PC-1261, PC-1350などに使われたSC61860と、PC-E500シリーズに使われたSC62015です。

その後、そういえばASは対応してたかな? と思って確認したところどちらも未対応でした。

するとまた対応作業してみたくなってしまい、資料を探し始めたのですが......

この辺りのアセンブラは最後に弄ってから既に30年以上経過しています。『I/O』『The BASIC』『ポケコンジャーナル』あたりに掲載されていたと思うのですが、目次の公開されていたI/Oはともかく他はどの号に掲載なのか探すのは結構大変です。

そんな中『ポケコン・マシン語ブック』がかろうじて出てきました。SC61860の命令表はこれに記載されていますが、PC-E500発売前のものなのでSC62015は当然載っていません。

ネットで探してもSC61860の資料はそこそこあるものの、SC62015については詳細な資料があまりありません。以前インストラクションマニュアルがあった形跡はあったのですが既にリンク切れ、Wayback Machineにもありませんでした。そんな中で一つ見つけたのが「ポケコンうらわざ大事典 特別版」、これもオリジナルは失われているようでWayback Machineを利用しました。ほかに見当たらないのでこれを参考にすることにしました。

まずは簡単なSC61860からです。

これ、オペランドが単純(アドレッシングモードやレジスタはニーモニックに含まれている)なので対応は容易です。

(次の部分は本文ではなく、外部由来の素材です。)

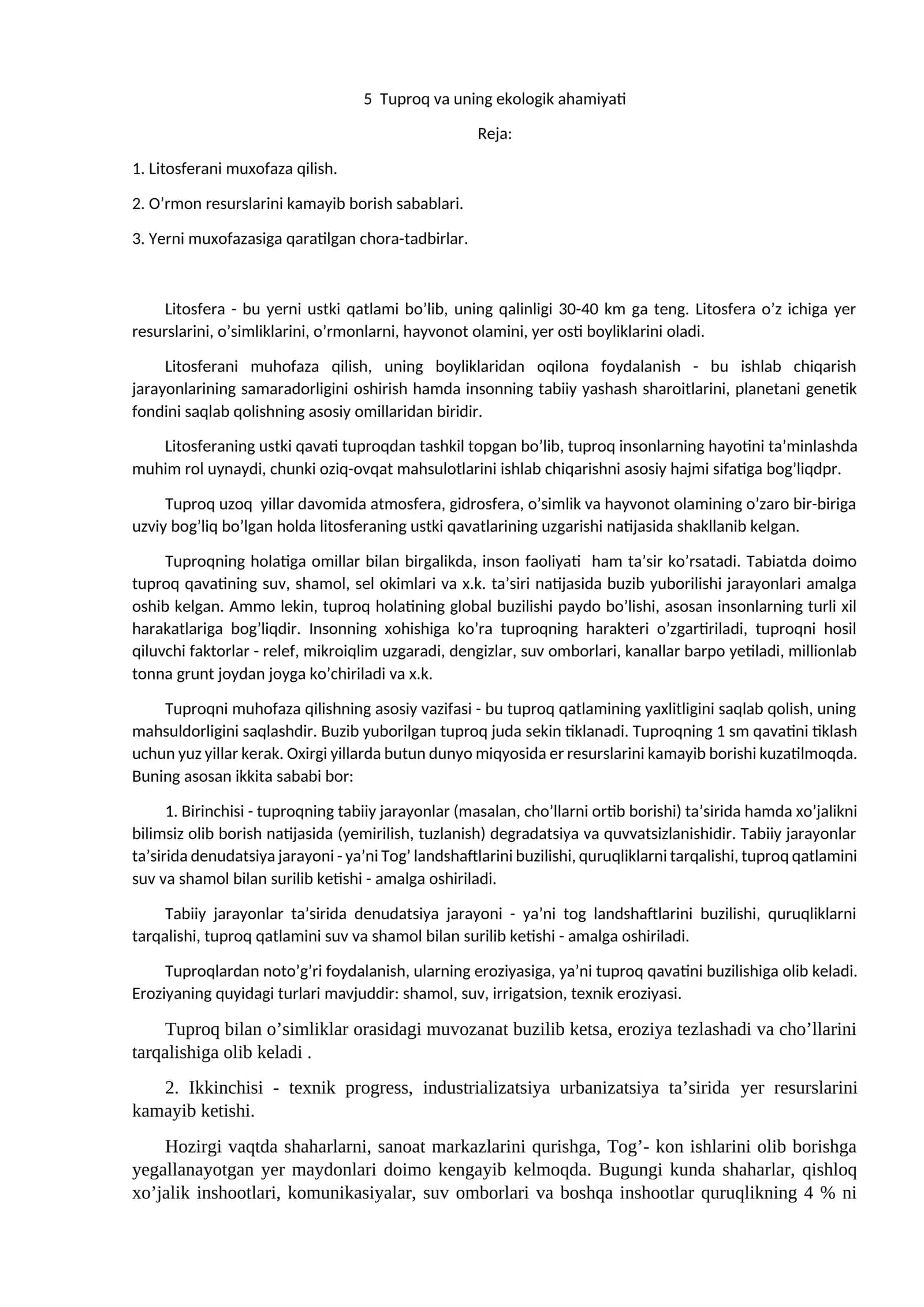 Tuproq va uning ekologik ahamiyati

このアーキテクチャでちょっと面白いなと思うのは、相対分岐命令が先に進むものと戻るもので別になっていること。例えば無条件のものだと先に進むJRPと戻るJRMに分かれています。それぞれ8ビットなので分岐できる範囲が実質9ビット相当になります。今回分岐方向を示すP/Mを省略してJRとだけ書けば自動的に適切な方を選ぶ機能を入れてみました。

ポケコンのCPUということもあって(またユーザによって独自に解析されたという経緯もあって)標準的なアセンブラというものがありません。16進定数の表記法とか、メモリに定数を配置する疑似命令とか、どうしようかと思いましたが『ポケコン・マシン語ブック』にいくつか掲載されているリスティングがMC6800風なのでそれに合わせました。

現時点でのasl-1.42bld261に対するパッチ(と追加ファイル)を付けておきます。これには次回予定のSC62015対応も含まれています。

参考文献・関連図書: 
『ポケコン・マシン語ブック』工学社.

Comments

自分はポケコンはCASIO派でしたが、たしかCPUコアが同じ派生品が使われた電子手帳やザウルスを持っていました。
電子手帳やポケコンは、古くなるとタンタルコンデンサが短絡故障して、電源を入れてもすぐ落ちるようになる。
逆にパソコンは、古くなると電解コンデンサが絶縁故障して、容量抜け始めるとだんだん電源が入らなくなる。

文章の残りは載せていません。